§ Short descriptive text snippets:
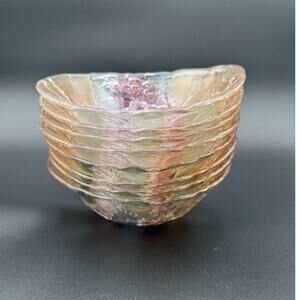 Mikasa Chablis Grape Leaf Oval Blown Glass Dessert Bowl Set Of 8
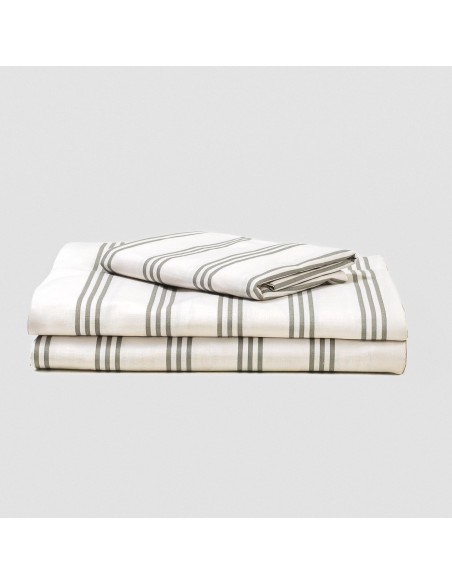 Juego de sábanas algodón Raya Amunia verde seco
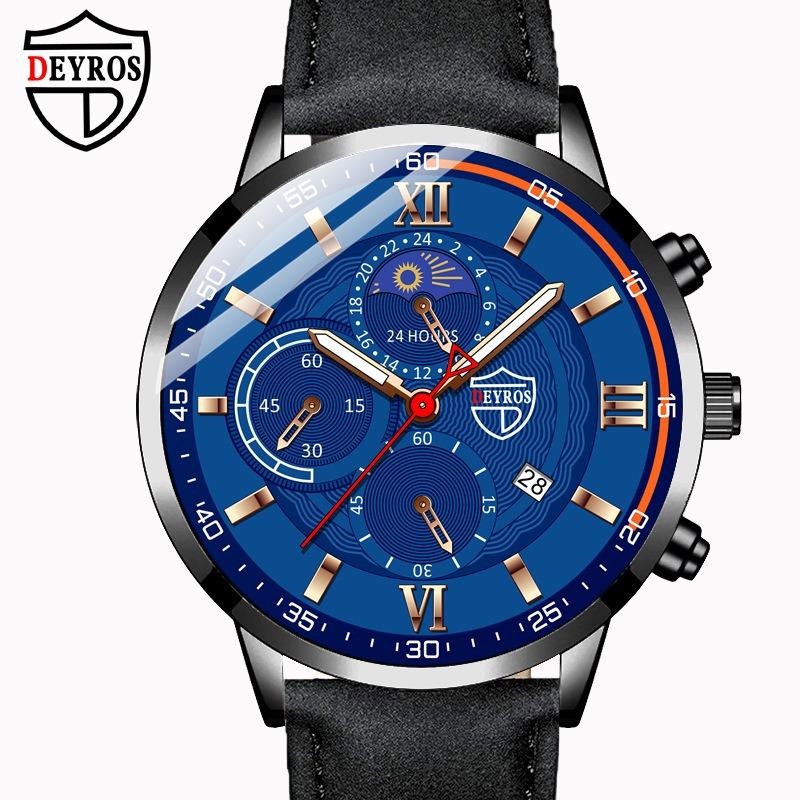 DEYROS Men's Watch Fashion Men's Business Leather Calendar Watch Men's Student Luminous Quartz Watch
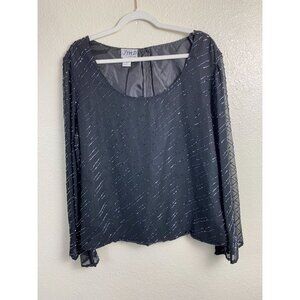 Vintage JMD‎ All over Beaded Sheer Long sleeve Event Dress Women size 2X Party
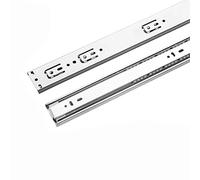Stainless Steel Der Slides 50cm Silent Ball Bearing Three Sect Rails Thickened Side Mounted net Track Smooth & Easy to Install Silver Color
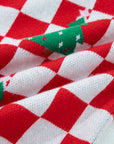 Checker Christmas Tree Buttoned V-Neck Cardigan Sweater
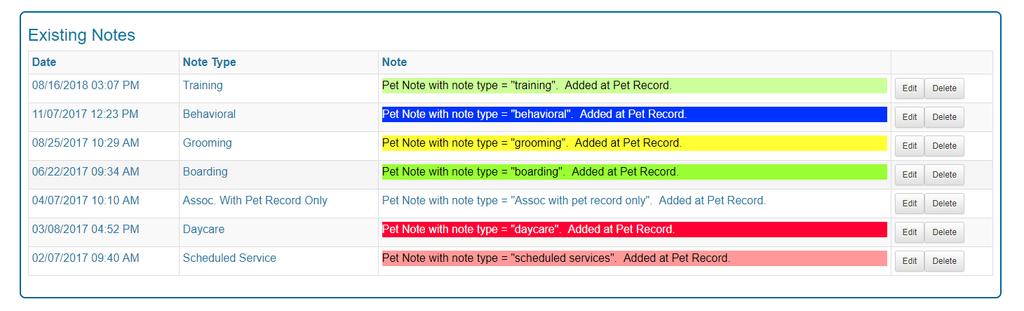 Here is an example of a pet record with a note of each note type, each one using a unique note style.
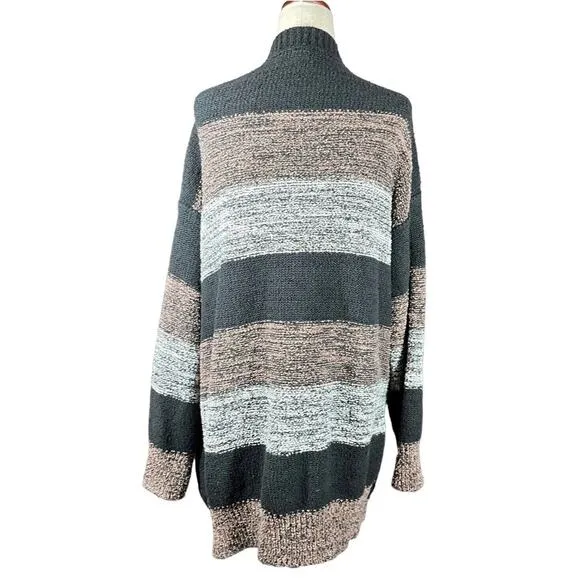 Free People Southport Oversized Cardigan Duster Button Front Pockets Striped Sm
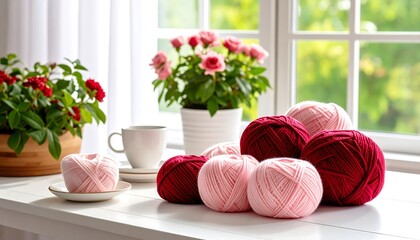 Colorful yarn balls on a windowsill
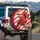 Northern Cardinal Red White Stripes Golden Glitter - Patriotic Car Decor Spare Tire Cover - 3
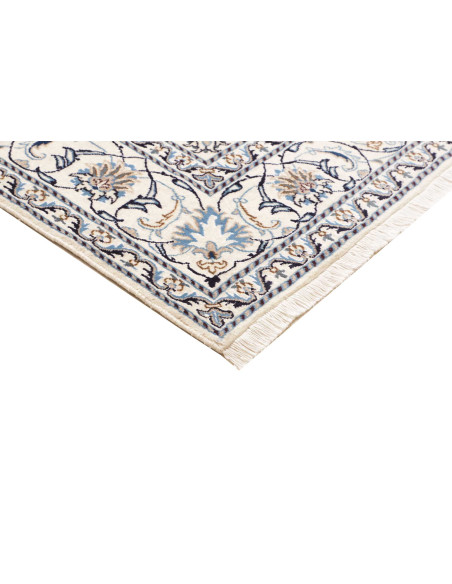 Tappeto Nain Kashmar Persia 196x300 Avorio Blu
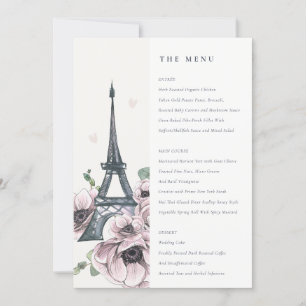 Vintage Eiffel Torn Blommigt Bröllop-menykort Tack Kort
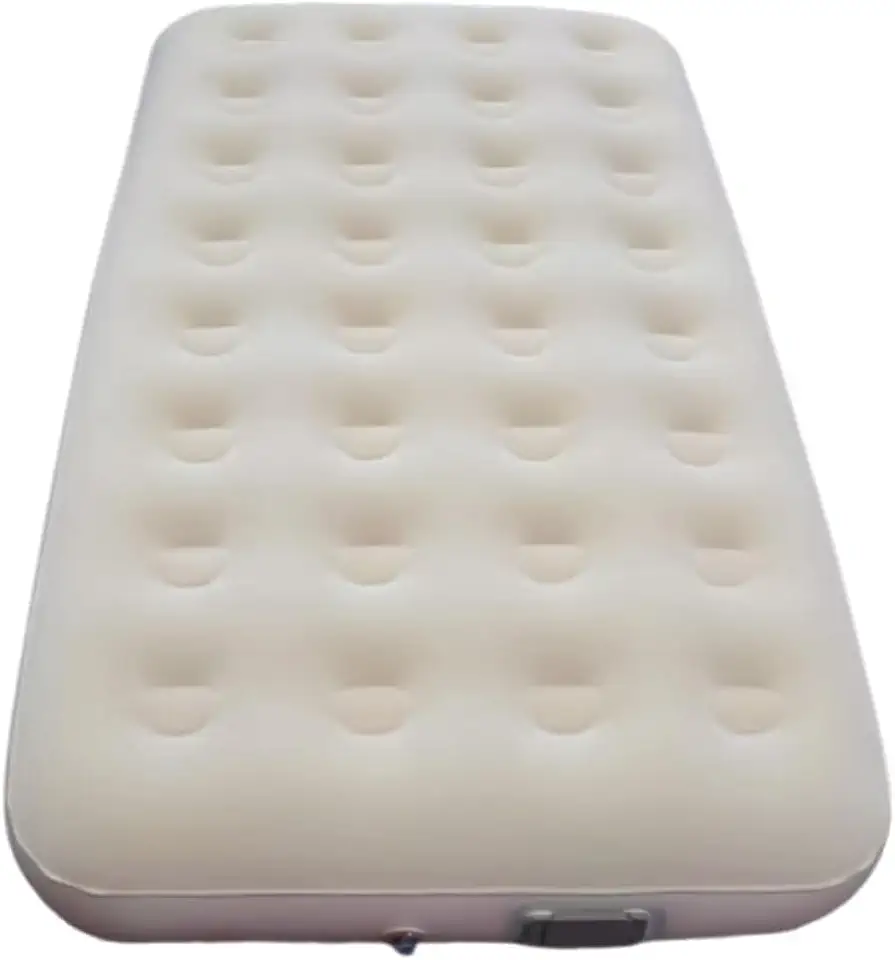 Colchão Inflável Casal - Colchão de Ar para Camping, Casa e Visitas - 186x96x22cm - Estrutura Honeycomb Reforçada (Bege)
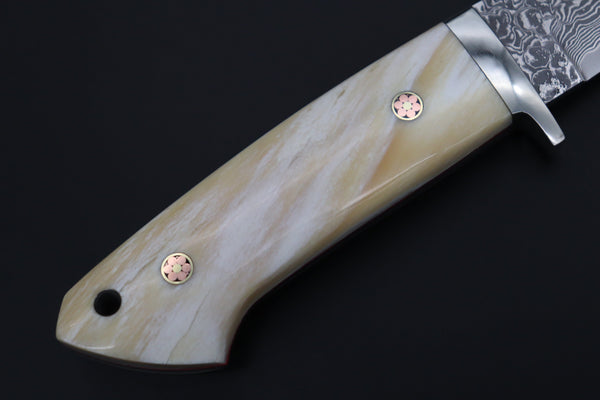 Mr. Itou  ITH-200  "Treasure Hunter Series" Custom R-2 Damascus 5" Drop-point Hunter, Narwhal Tusk Handle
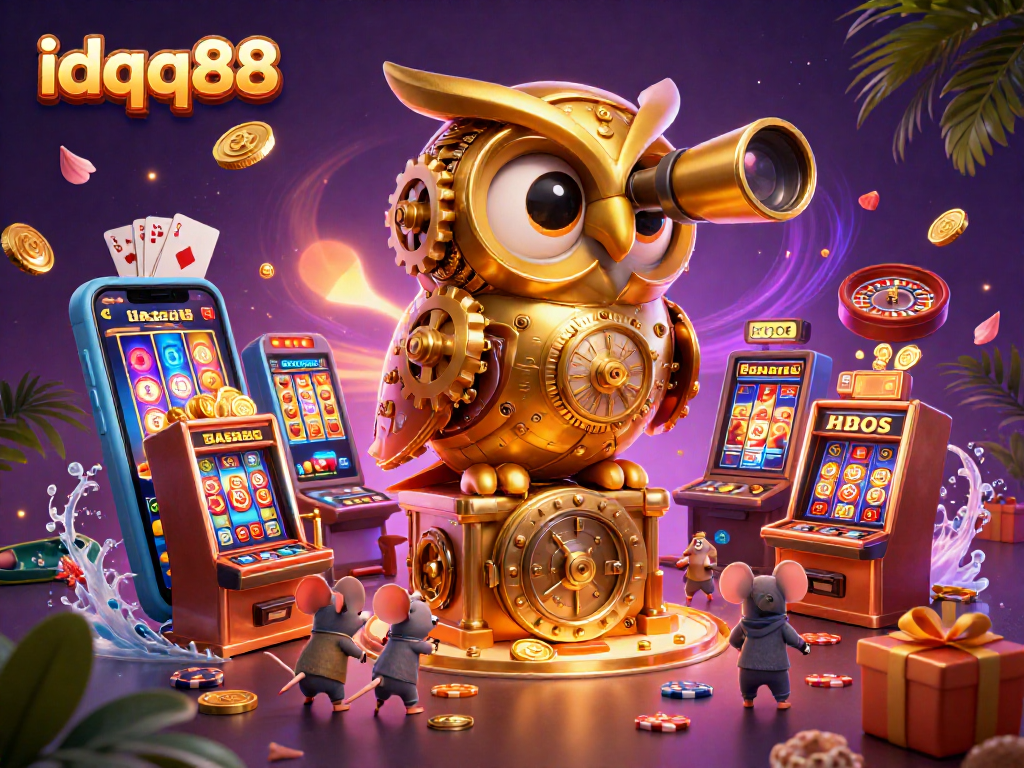 Engage with the thrilling IDQQ88 online casino scene featuring a clockwork owl, slot games, and vibrant gaming action!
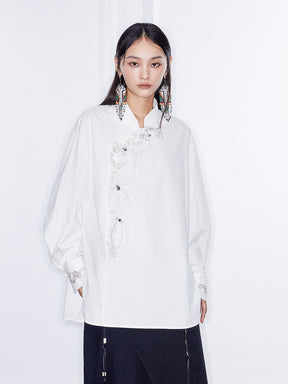 MUKZIN  Linglong  "Fengqi" Chinese-style Slant Opening Shirt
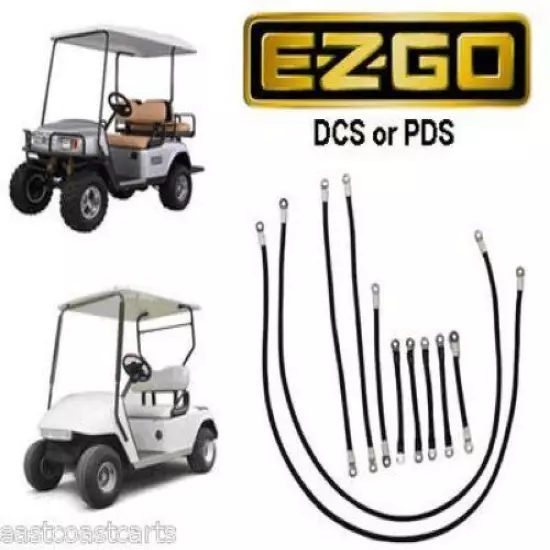 EZGO DCS or PDS Golf Cart # 4 Gauge 600 volt Cable Set 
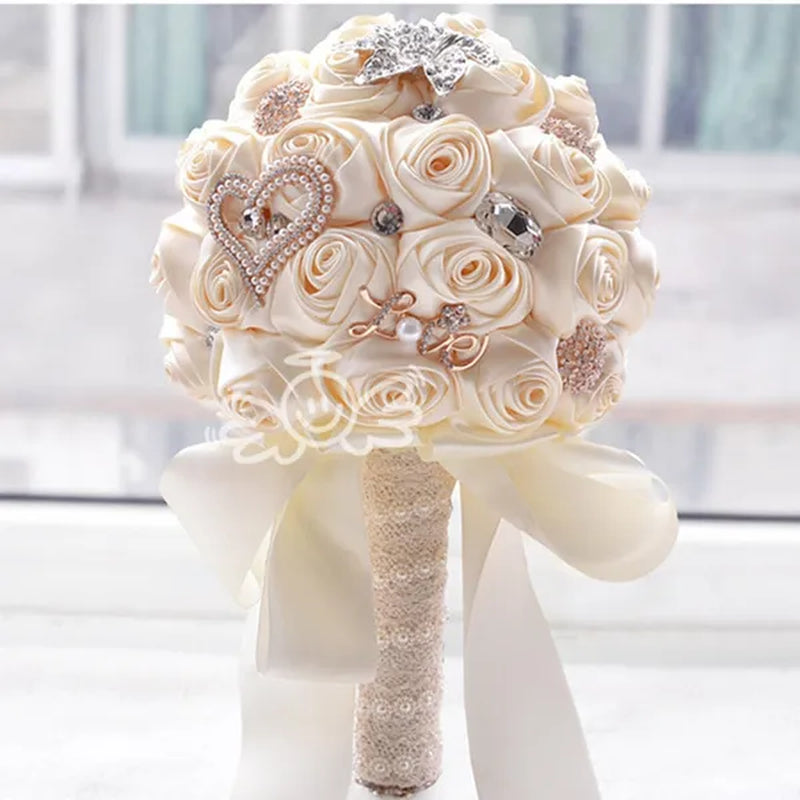 21CM Satin Ribbon Roses Wedding Bouquet Pearl Crystal Brooch Bride Holding Flowers Artificial Rose Wedding Flower Bridesmaid Bouquet. Multi-color Optional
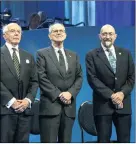  ?? PICTURE: THOMAS BRUN/NTB SCANPIX ?? Ian Drever (standing in for his brother Ronald), Rainer Weiss and Kip Thorne receive the Kavli Prize in Norway earlier this month.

§ Directions:
Where a picture appears in the records above, omit it, and transcribe exactly the stretch of lines from the one with "Northern Cardinal Red" through the one with "Colchão Inflável Casal".

§ Written solution:
 Northern Cardinal Red White Stripes Golden Glitter - Patriotic Car Decor Spare Tire Cover - 3
 Tappeto Nain Kashmar Persia 196x300 Avorio Blu
 Vintage Eiffel Torn Blommigt Bröllop-menykort Tack Kort
 Colchão Inflável Casal - Colchão de Ar para Camping, Casa e Visitas - 186x96x22cm - Estrutura Honeycomb Reforçada (Bege)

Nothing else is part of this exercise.